Only the lines from the one with "Ornate Kundan Necklace and Earrings Set" to the end of the data below should be given again, exactly, with both ends included and pictures omitted.

-------

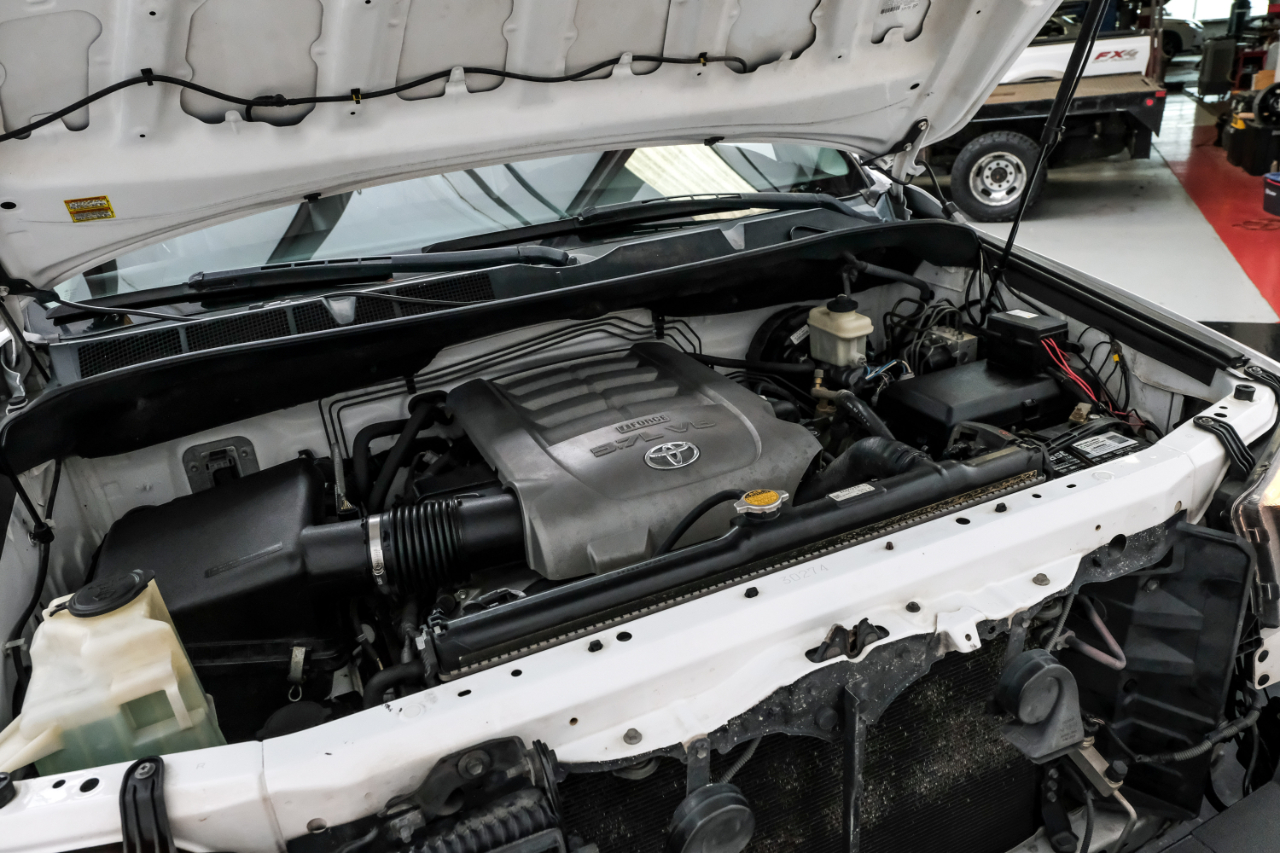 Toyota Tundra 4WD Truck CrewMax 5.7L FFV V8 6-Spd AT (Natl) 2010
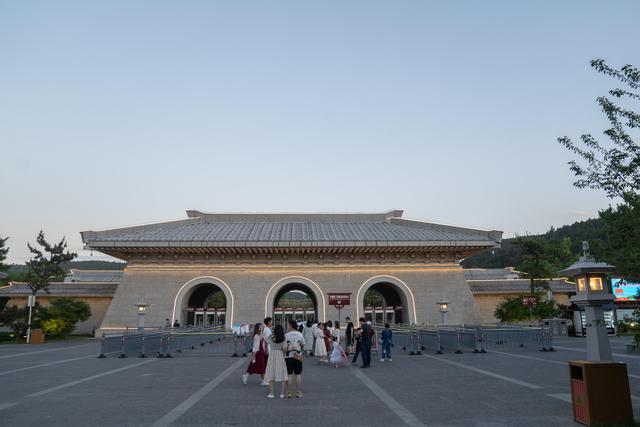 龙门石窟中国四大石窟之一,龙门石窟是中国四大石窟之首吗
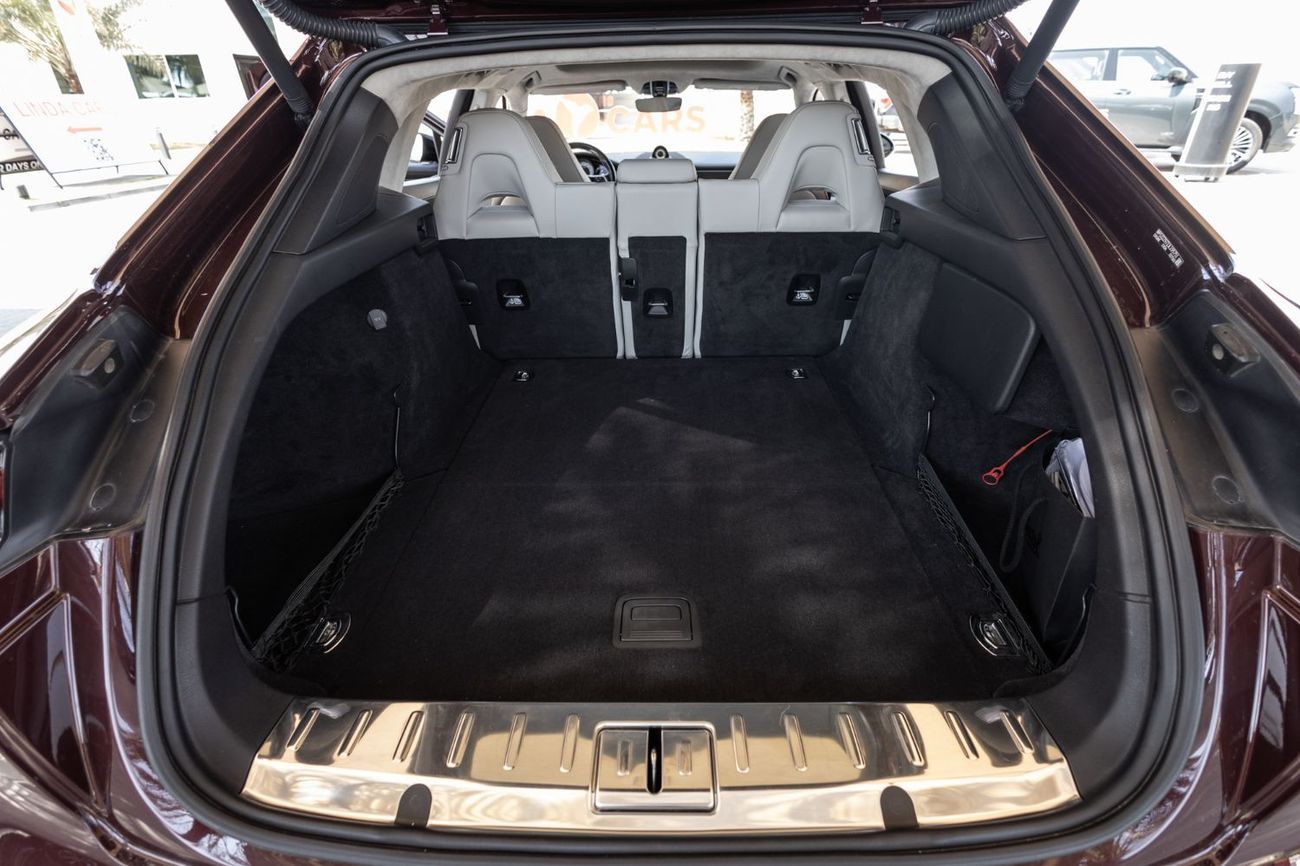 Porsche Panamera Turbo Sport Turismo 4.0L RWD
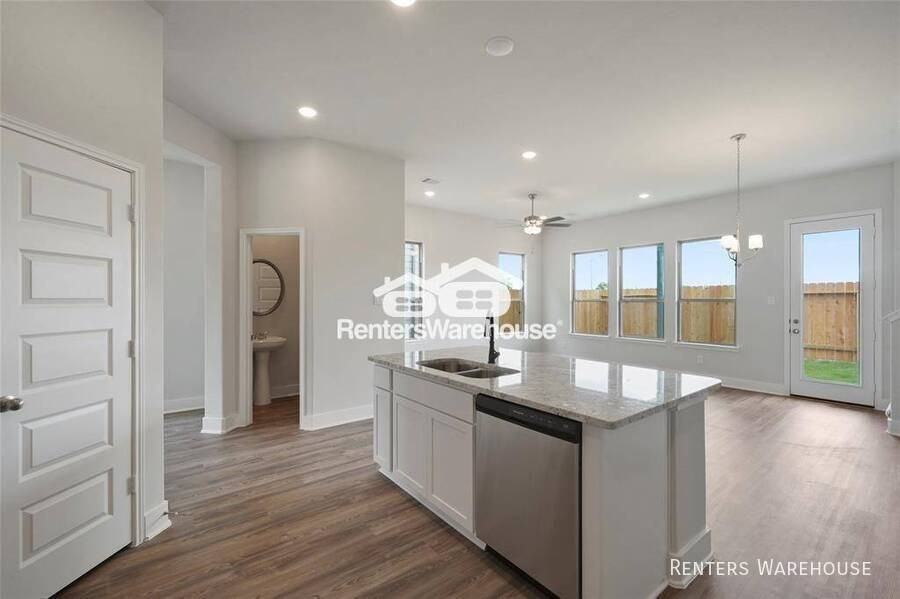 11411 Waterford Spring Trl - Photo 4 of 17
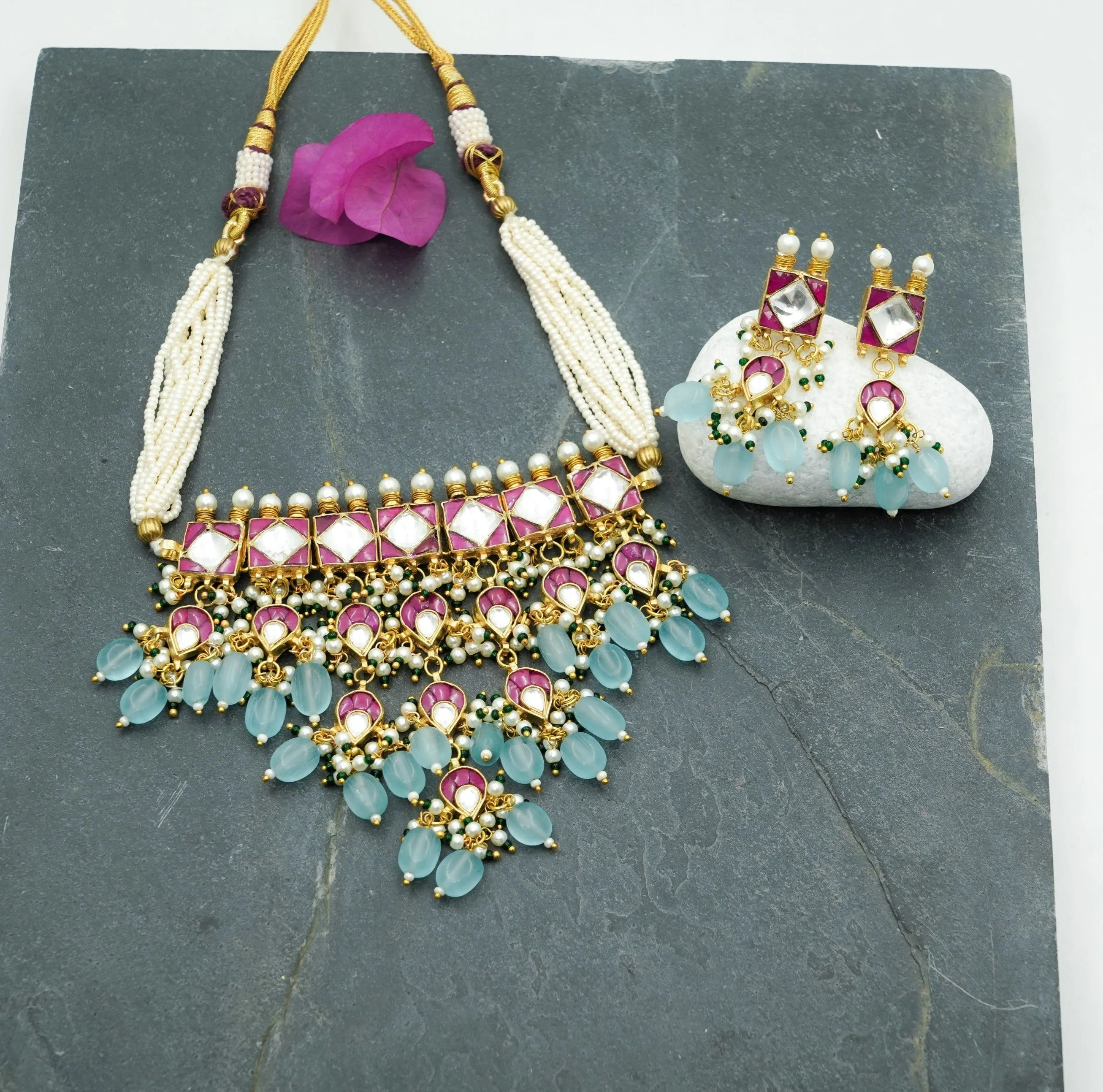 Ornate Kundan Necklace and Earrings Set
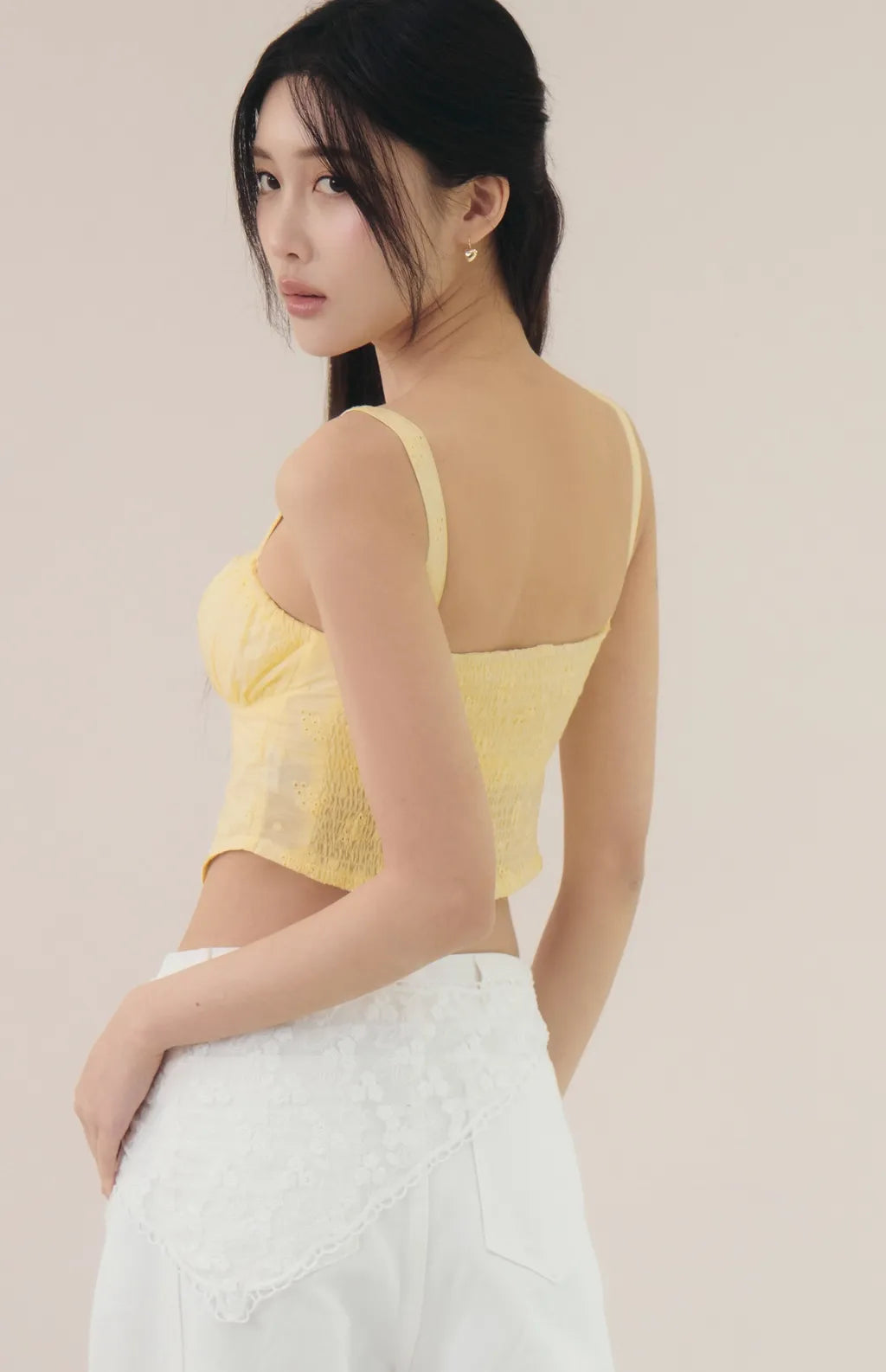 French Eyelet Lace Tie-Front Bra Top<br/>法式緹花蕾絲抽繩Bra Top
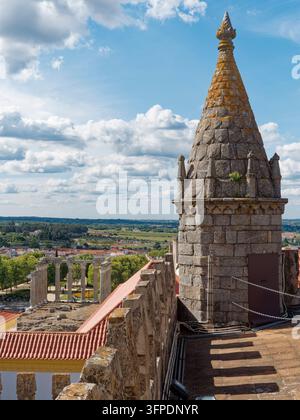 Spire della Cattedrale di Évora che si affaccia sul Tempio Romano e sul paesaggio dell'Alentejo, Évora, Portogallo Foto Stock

-------

Answer to the exercise
 Ornate Kundan Necklace and Earrings Set
 French Eyelet Lace Tie-Front Bra Top<br/>法式緹花蕾絲抽繩Bra Top
 Spire della Cattedrale di Évora che si affaccia sul Tempio Romano e sul paesaggio dell'Alentejo, Évora, Portogallo Foto Stock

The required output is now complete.